Preventing Failure to Keep the Lights On
Equipment failure and subsequent repairs require costly downtime and product loss. Actively monitoring equipment performance helps foodservice retailers manage energy consumption and maintenance activities for optimal system performance. This type of monitoring ensures that critical business systems, such as HVAC, lighting, controls, and refrigeration systems, function properly while maintaining a comfortable environment and properly stored food. To further extend the life of equipment and optimize energy usage, organizations can pay attention to load demands and adjust as needed. The first step is to analyze utility bills to identify the seasons during which the peak demand is the greatest—often the hot days of summer. For many facilities, the largest electric load is dedicated to space cooling. Installing sub-meters in a small set of the poorest load factor sites is the most effective way to determine which equipment is driving demand. Once the contributing equipment loads have been identified, facility operators can determine what might be done to sequence or schedule events or processes in order to minimize the simultaneous operation of high wattage equipment.

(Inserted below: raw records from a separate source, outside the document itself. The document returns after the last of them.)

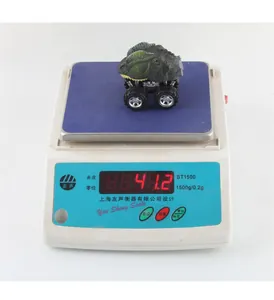 Macro shot of a green dinosaur pull-back toy car showing weight of 41.2g on a digital scale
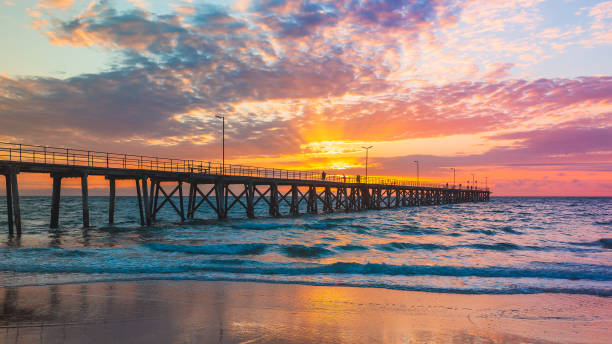 istock Pier with fishermen at sunset 1361829697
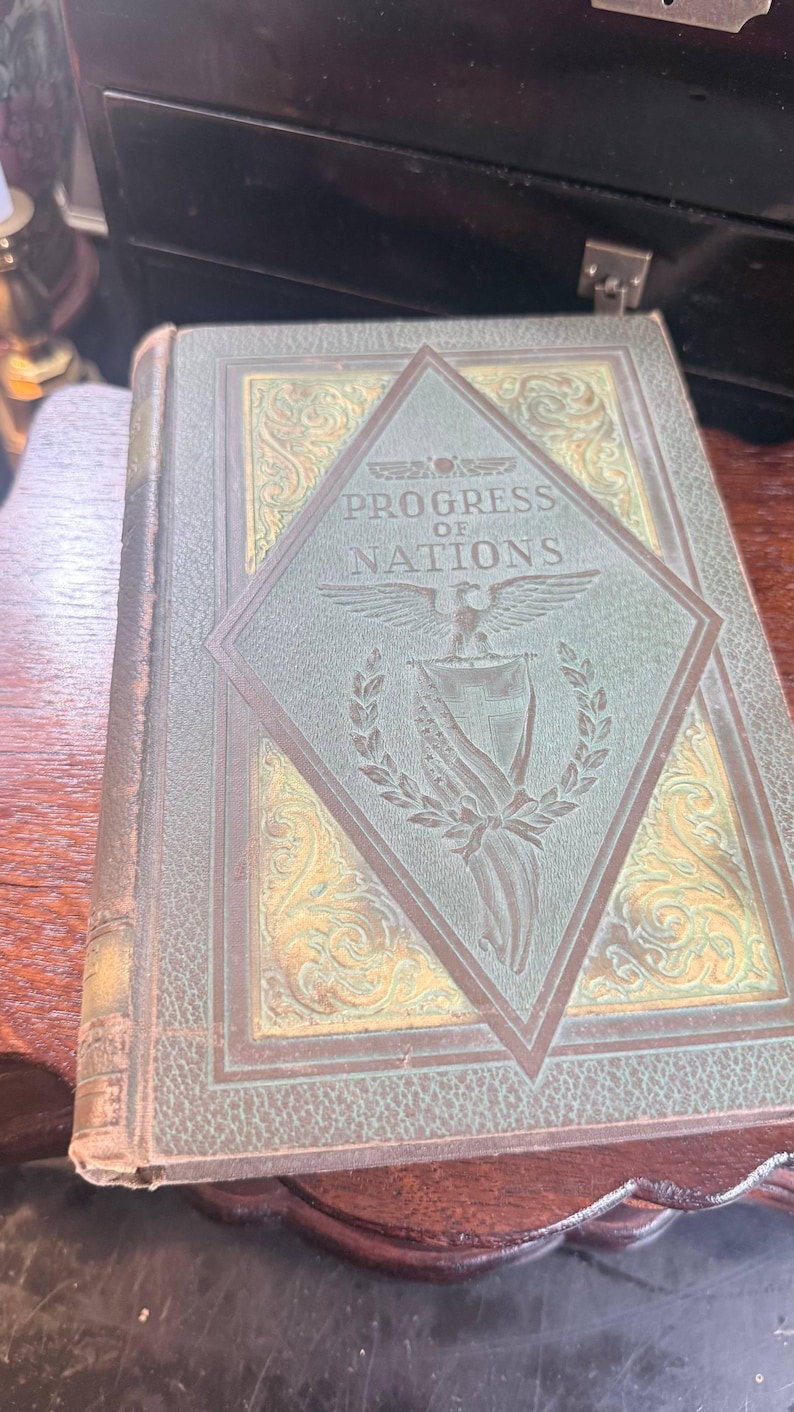 May include: An antique book titled "Progress of Nations" with a green cover and gold embossed details. The cover features a diamond-shaped emblem with an eagle and text. The book is on a wooden surface.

According to Energy Star, restaurants that invest strategically can cut utility costs up to 30 percent without sacrificing service, quality, or comfort. The ability to capture and analyze unprecedented amounts of resource data holds the key to unlock energy-saving projects, but these projects don’t provide value without continuous monitoring. Data analytics and monitoring is the new foundation to move beyond incremental improvements to real sustainability achievements and significantly greater savings. As consumers continue to demand sustainable business practices across industries, restaurants and foodservice providers must adopt efficiency and sustainability into their day-to-day operations.
Restaurants, now more than ever, need to integrate sustainability and energy efficiency strategies into their business operations and corporate strategy. The road to sustainability is paved in data and without this foundational element restaurants cannot capitalize on all the opportunities these initiatives have to offer.
Marty Sieh is the chief operations officer at ENGIE Insight.